Problem » What you write must be the lines from the one holding "精品白皮足球龟，高球体" through the final line of the records below, reproduced exactly, minus the pictures.

[Short text fragments from websites]
• • • • • • •

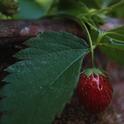 A strawberry dangles from a pot. (photos by Jennifer Baumbach)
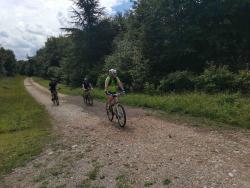 VTT-20037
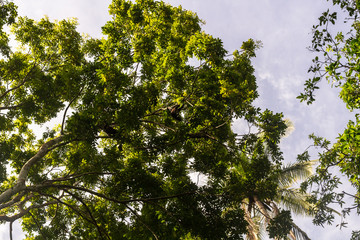 Nature, Guanacaste, Costa Rica.	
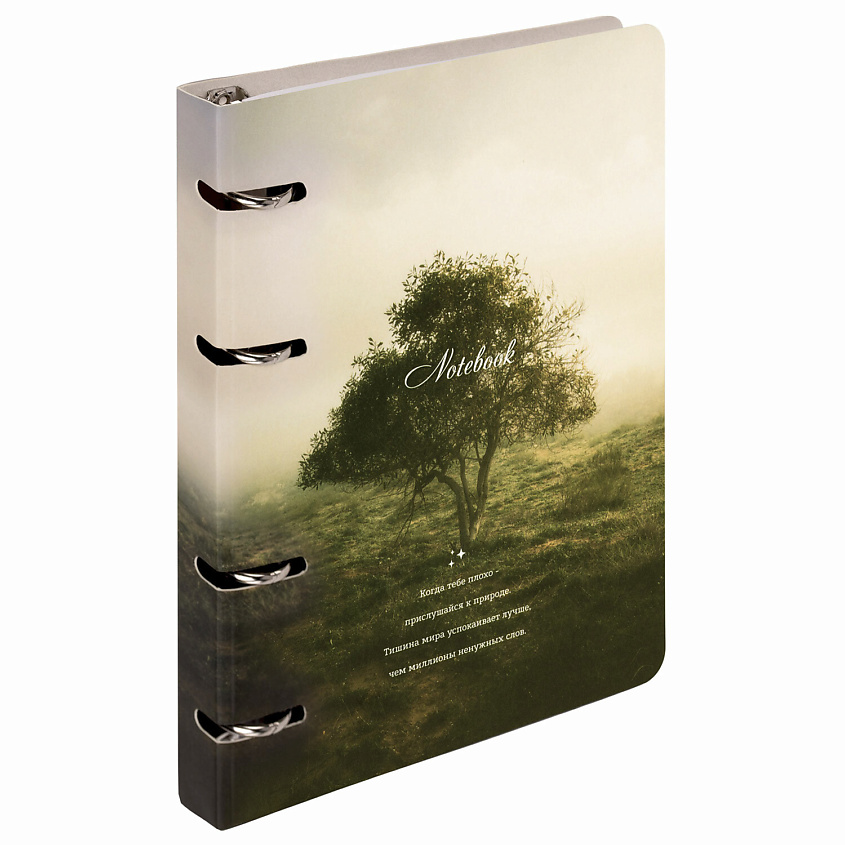 Изображение товара Тетрадь на кольцах BRAUBERG Природа 120 листов мультицвет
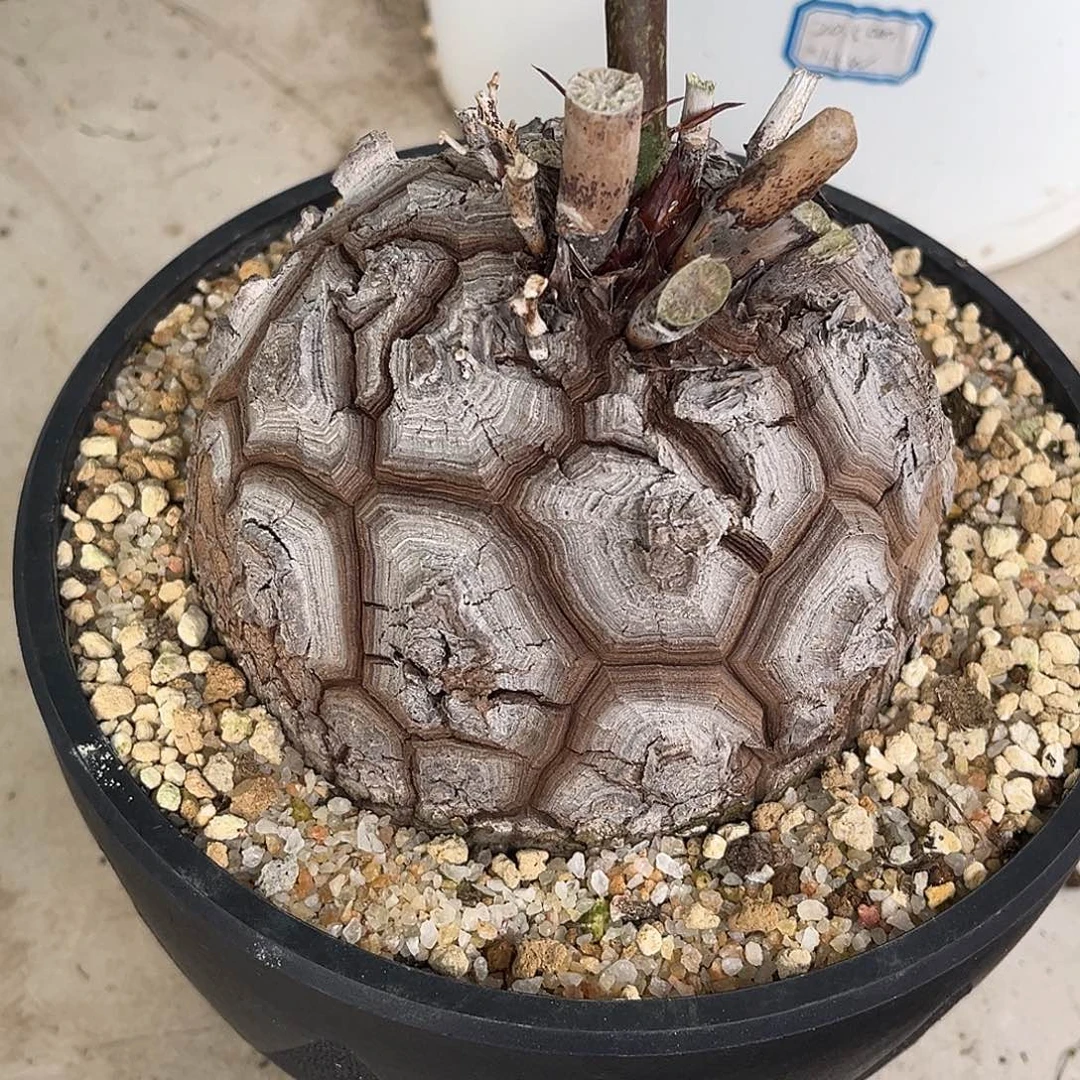 精品白皮足球龟，高球体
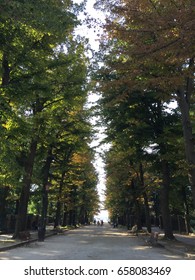 Park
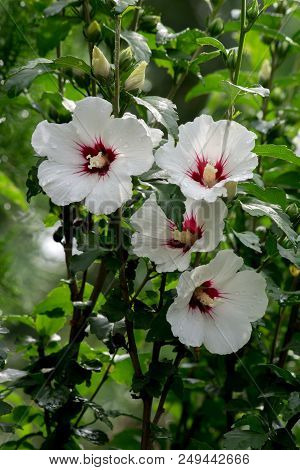 Shrub Mallow (hibiscus Syriacus) Bushy Garden Decorative Plants.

• • • • • • •

Completed exercise »
 精品白皮足球龟，高球体
 Park
 Shrub Mallow (hibiscus Syriacus) Bushy Garden Decorative Plants.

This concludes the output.